Hi there, internet. It’s me, your ancestor, print media.

I hope you’re doing well. I hear good things about the cellphones and whatnot. Not really my thing, but if you’re into it, then good for you. Me? Oh, you know, paper. Same as ever.

Maybe my timing is strange, but I just wanted to get in touch with you really quick to clear up a few things. You may have forgotten them, or maybe decided they don’t matter anymore, but yeah, they kind of do. So here’s this:

“To” means in the direction of. Or it precedes a verb as in, “to go,” or “to use the wrong spelling of to.” If you want to say “also” or “as well,” use “too.” The number is “two.”

“It’s” means “it is” or “it has.” It’s not its own possessive: that’s “its.” I know it seems counterintuitive and all, what with the other possessives like “Sally’s” or “Billy’s,” but you’re over 25 years old now, internet, and that’s old enough to know the difference.

If you need an easy trick to remember, just think “it’s lost its apostrophe,” which means “it has lost the apostrophe belonging to it.” If you don’t know what an apostrophe is, look it up on yourself.

You’ve done some pretty cool stuff, internet.

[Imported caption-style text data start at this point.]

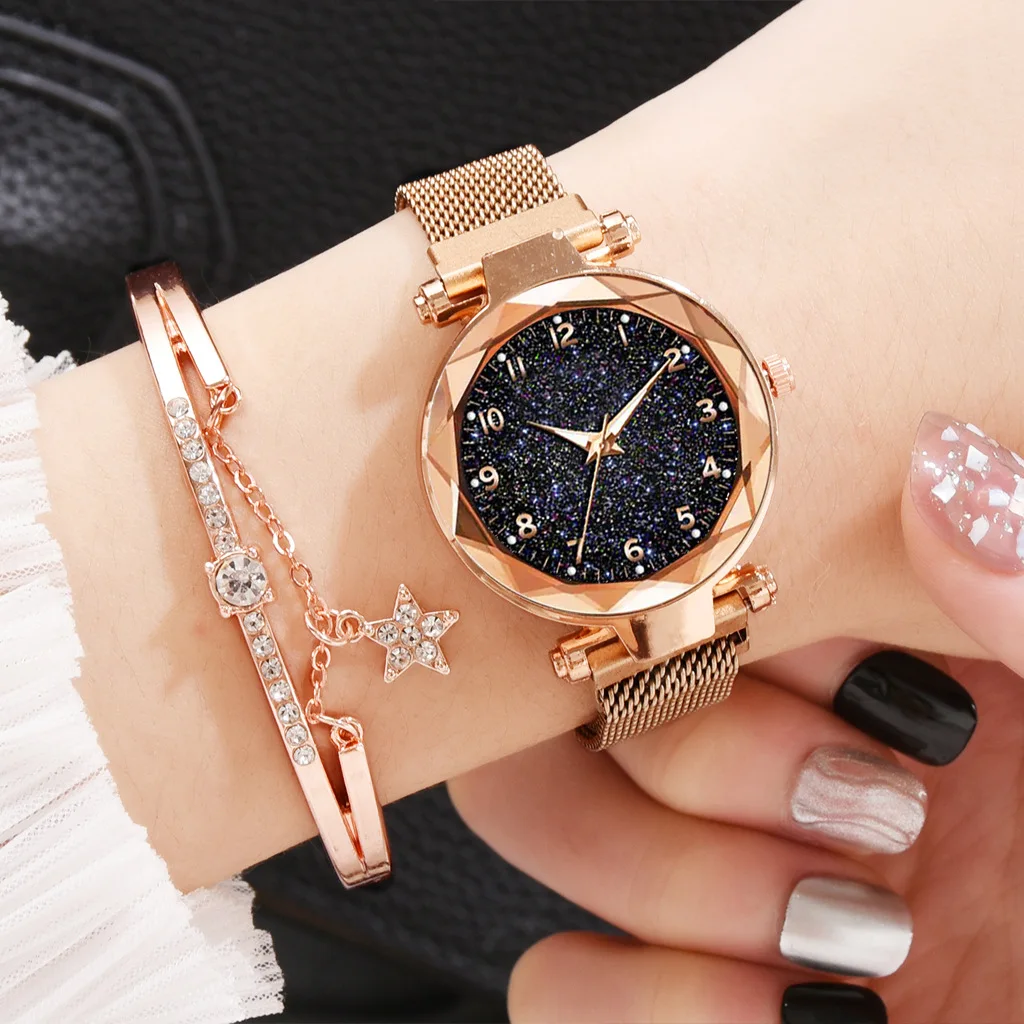 

Luxury Women Watch quartz fashion bracelet and watches set Ladies Wristwatch Starry Sky Roman Numeral Gift Clock relogio feminin
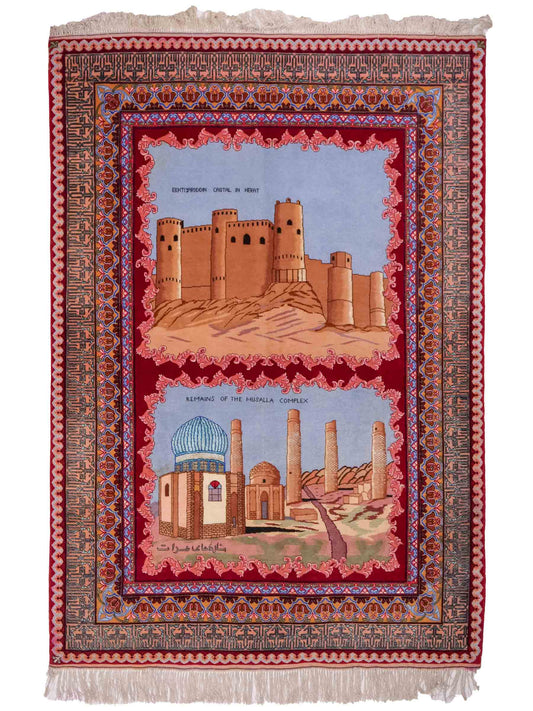 Handgeknüpfter Vintage Afghan Herat Nomadenteppich von Khademi aus Wolle mit Seide, mehrfarbig. Afghanischer Orientteppich. Von Hand geknüpft in Afghanistan. Größe: 120 cm x 76 cm. Teppichnummer: SB3-1028. Verkauf durch Jupiter Intl.
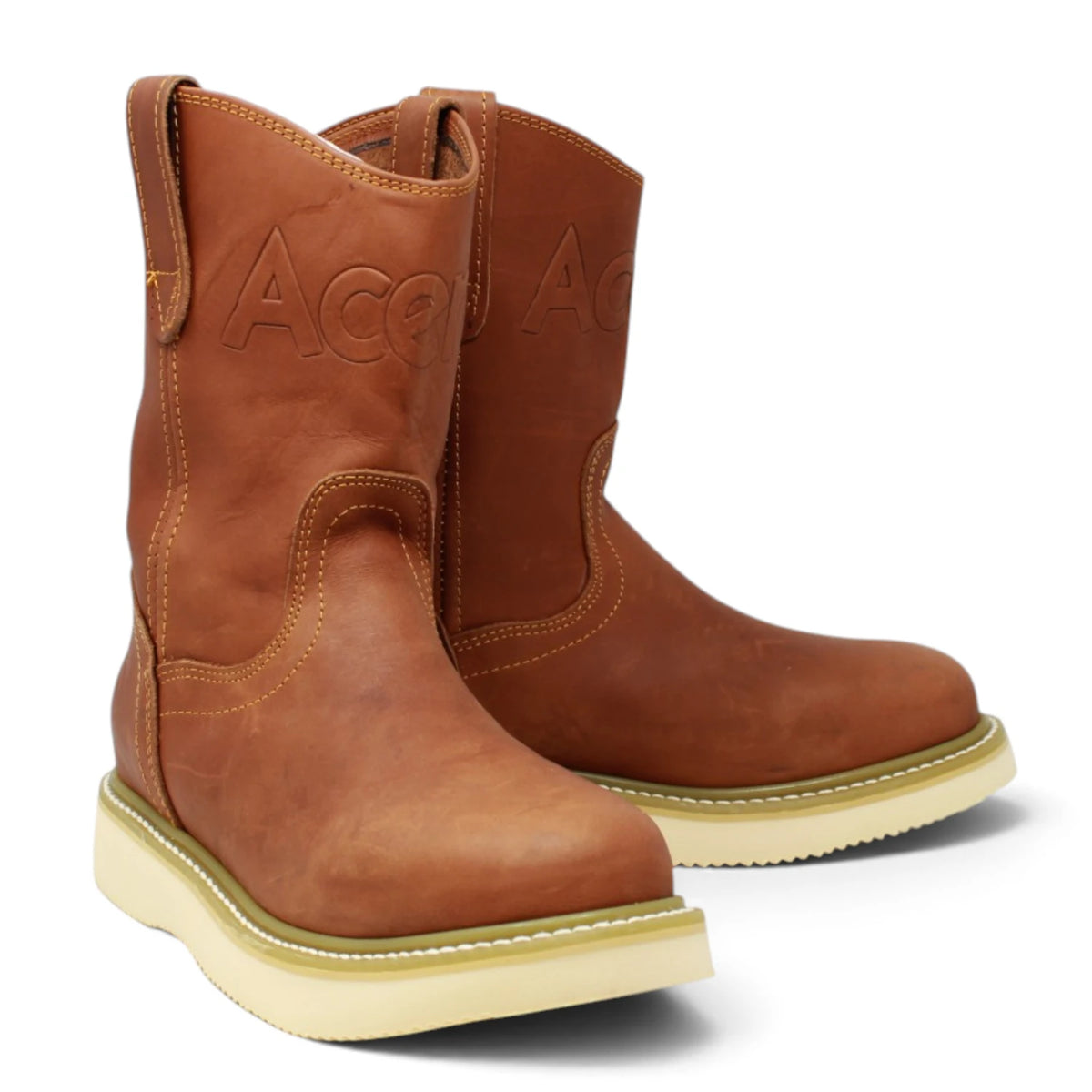 Acero Men´s Genuine Leather Round Roper Toe with Camel Striped Sole Work Boot - Grasso Honey - Pair Side View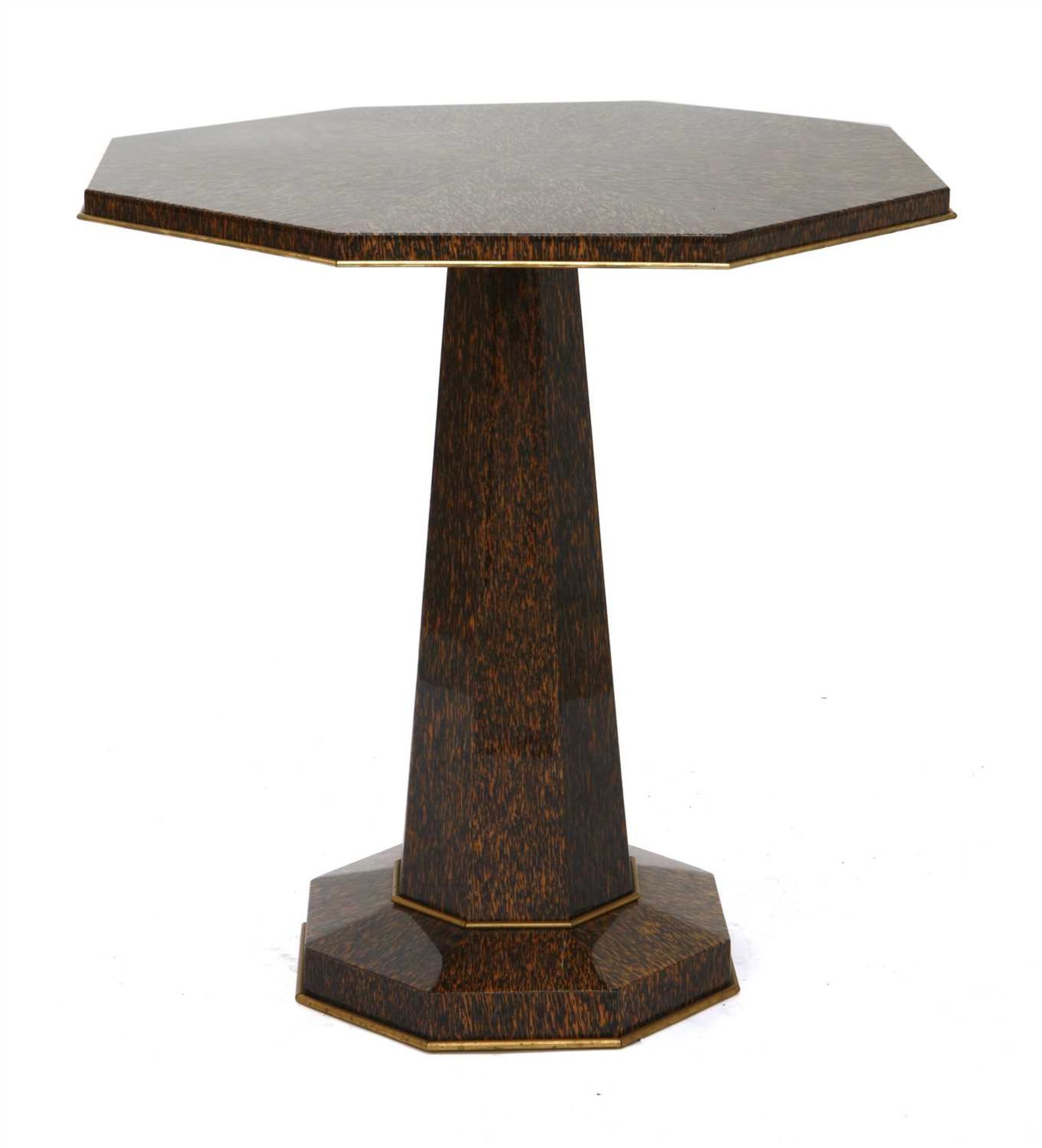 An Art Deco octagonal palmwood centre table,
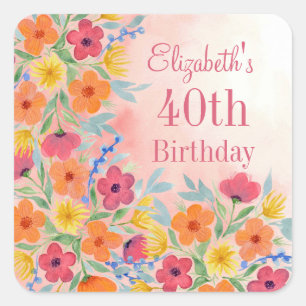 Pink Watercolor Florals Personalised Birthday Square Sticker
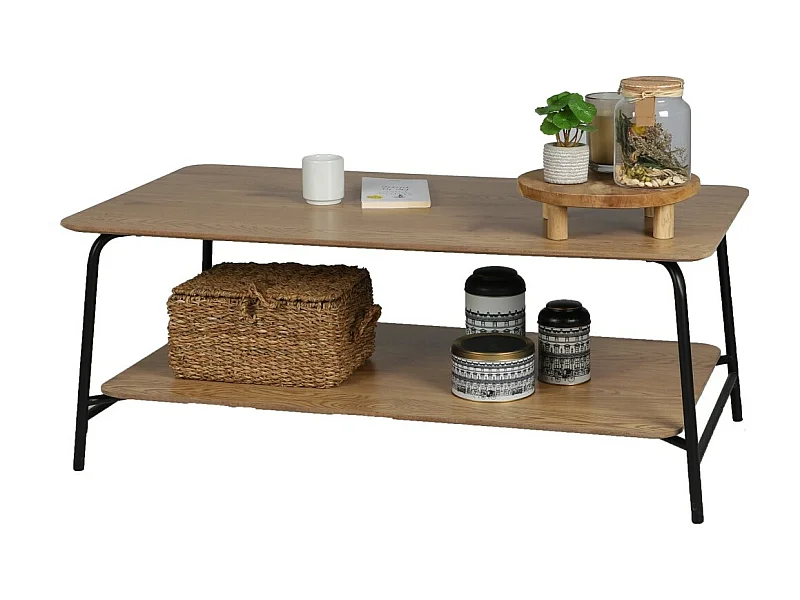 Mesa de centro abierta estilo industrial colección PAGNOL – Color roble claro, dimensiones 110x60xH44 cm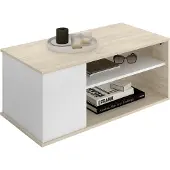 Dmora Fargo - Couchtisch, Weiß, 50x100x42h cm, 3 Fächer
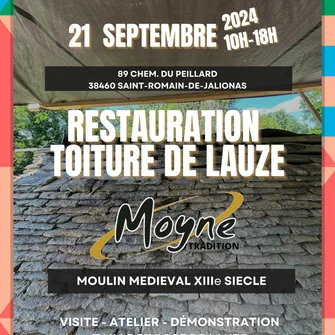 Restauration de la toiture de lauze du Moulin du Peillard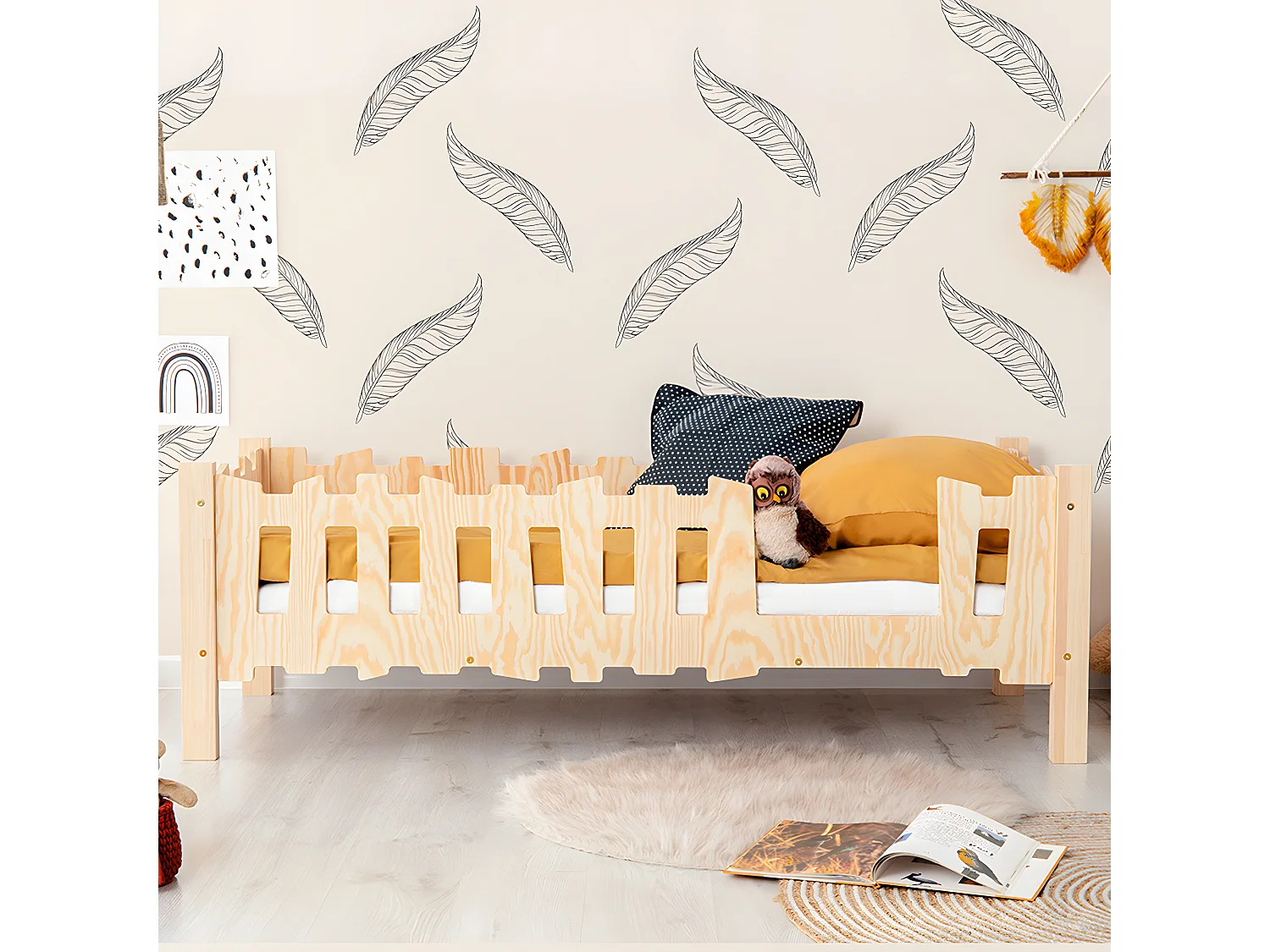 Bed 70x140 Inclusief bedbodem rechts Hans Wood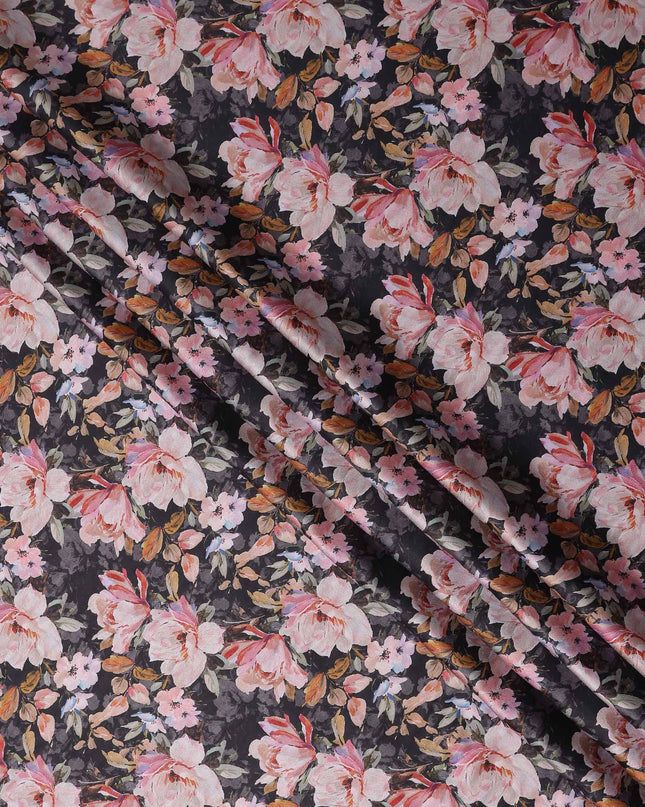 Plum Purple Floral Satin Fabric 110cm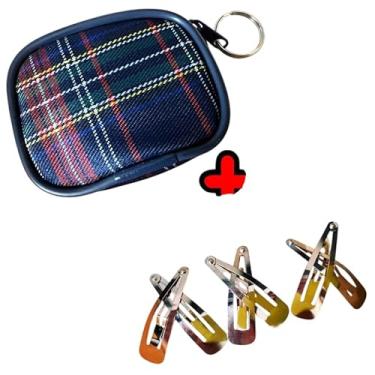 Imagem de Kit Presilha Tic Tac de Cabelo Tamanho Grande Metal Dourado 3 pares + 1 Porta Niquel Moeda Xadrez Quadrado Azul Luxo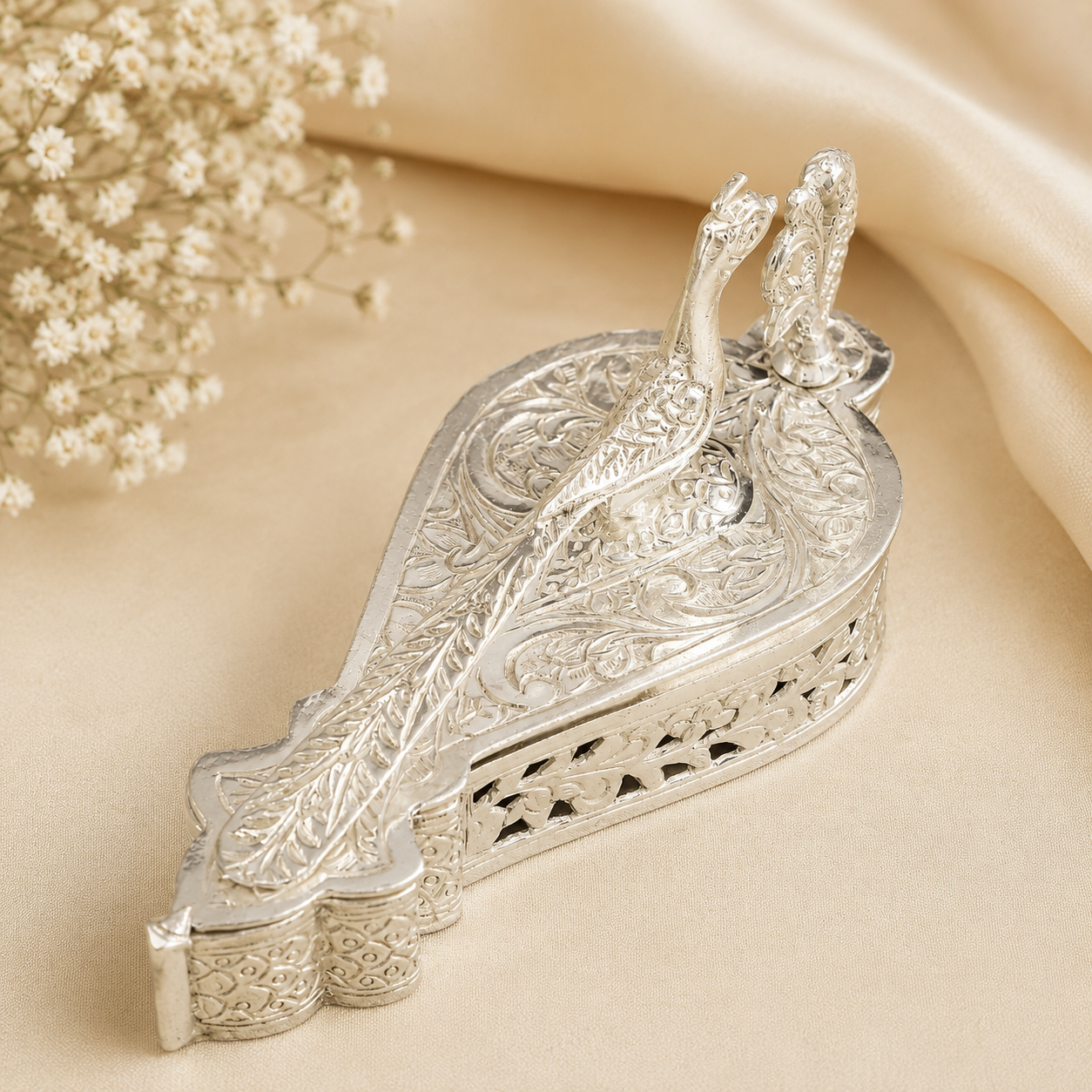 Royal Peacock Silver Box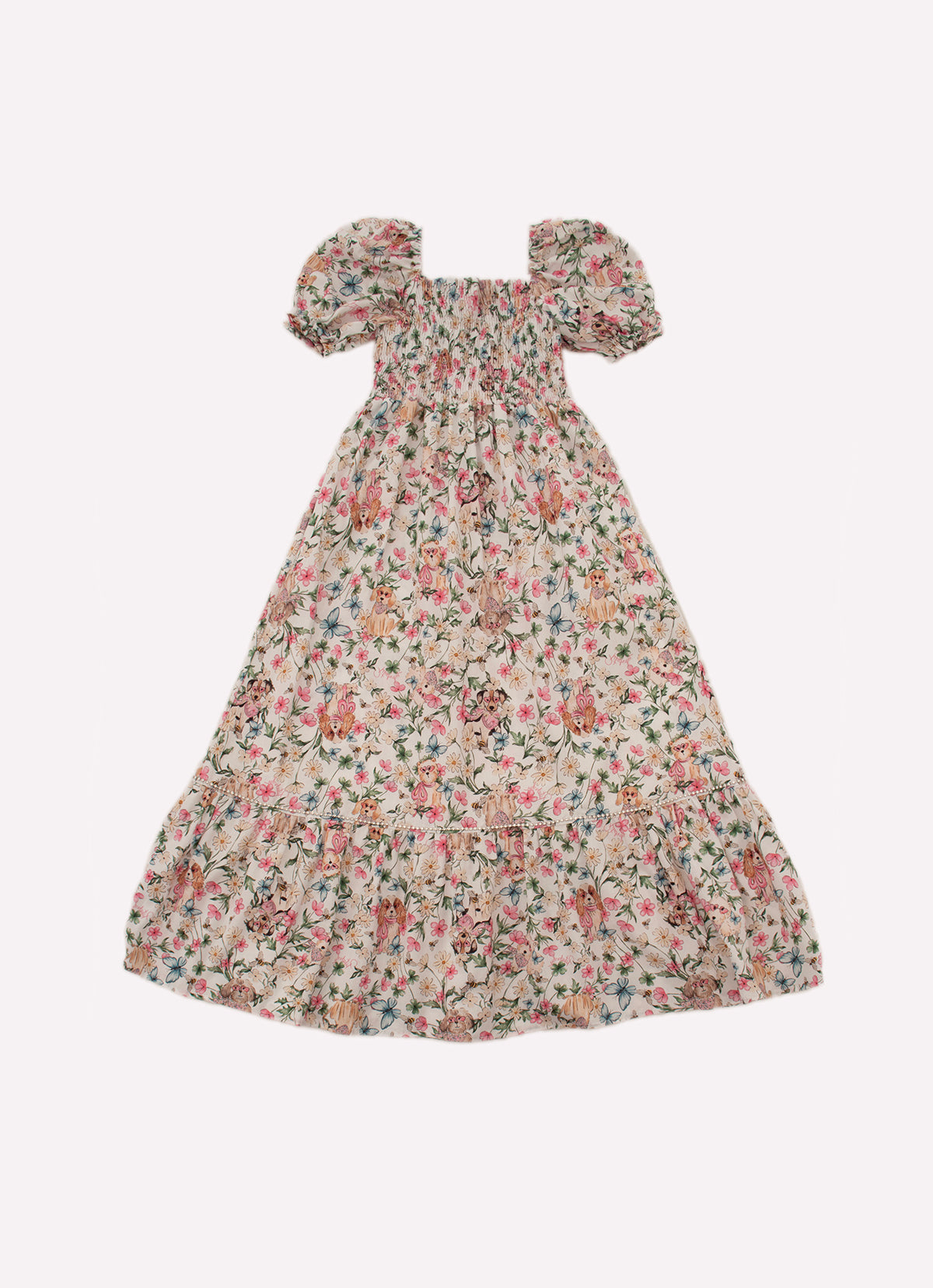 Vestido Longo Algodão Estampado Cachorros e Flores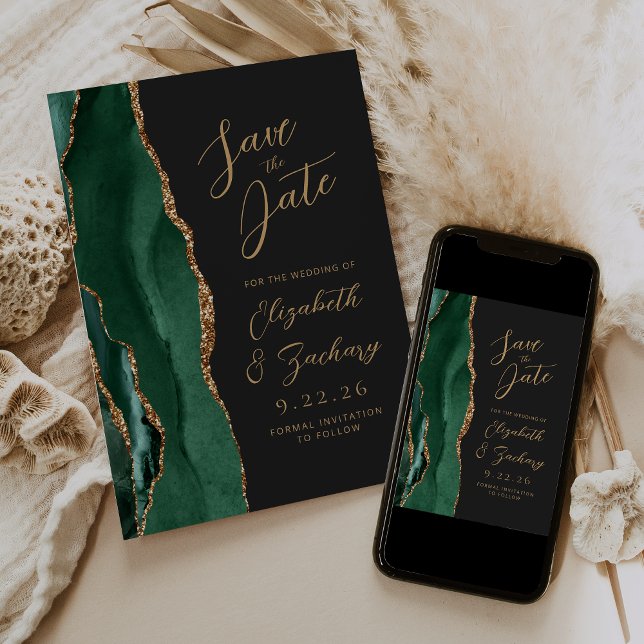 Save The Date Agate Émeraude Vert Or Script Sombre Mariage Enreg (Créateur téléchargé)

Some pretty dopey stuff too—I guess that whole Innocence Of Muslims thing didn’t really pan out as being a wise decision—but you know, every time I go on you, it just seems like people care less and less about these little things. Not that I don’t also have my word counts, but maybe that’s the hazard of trying to distill life down to 140 characters. That’s not much room for complexity or, say, the commas one might otherwise put around an aside to signal its separation from the original thought and subject of the sentence.

Or, for that matter, the sentence.

No need to get defensive, I make plenty of mistakes too. It doesn’t take any extra characters to start a sentence with capital letters, though. That probably makes me sound old.

Well, I am old. Over 500 years old, if you want to go by movable type, which, no, is not the laptop keyboard you can take with you. It’s hand-carved blocks used in the first printing presses, and actually it goes back even farther than that. I had my wild early years too, but eventually, you want to settle down, stop making an ass out of yourself, and learn how to spell three-letter words. I guess it just comes with age.

So maybe you’ll get there, internet. Or maybe the dumbing-down and corporate hegemony of culture that has turned you into a cat-picture-filled commodity where once you were hoped to be the ultimate arrival of truly democratized information will continue unabated until finally words like “literally,” and “epic” lose all meaning whatsoever. Doesn’t putting a number sign—which is what we used to call your “hashtag”—in front of a word automatically make it just a little bit dumber? Take another look.

Think about it, internet, before you go and post that the Emmys were “#unbeleivable” or that you, “totes thot @BreakingBadAMC would win to,” and make us all seem a little less intelligent. I may be out of date, but at least I can fucking spell and at least I don’t think three-syllable words are too long to say, should the situation arise.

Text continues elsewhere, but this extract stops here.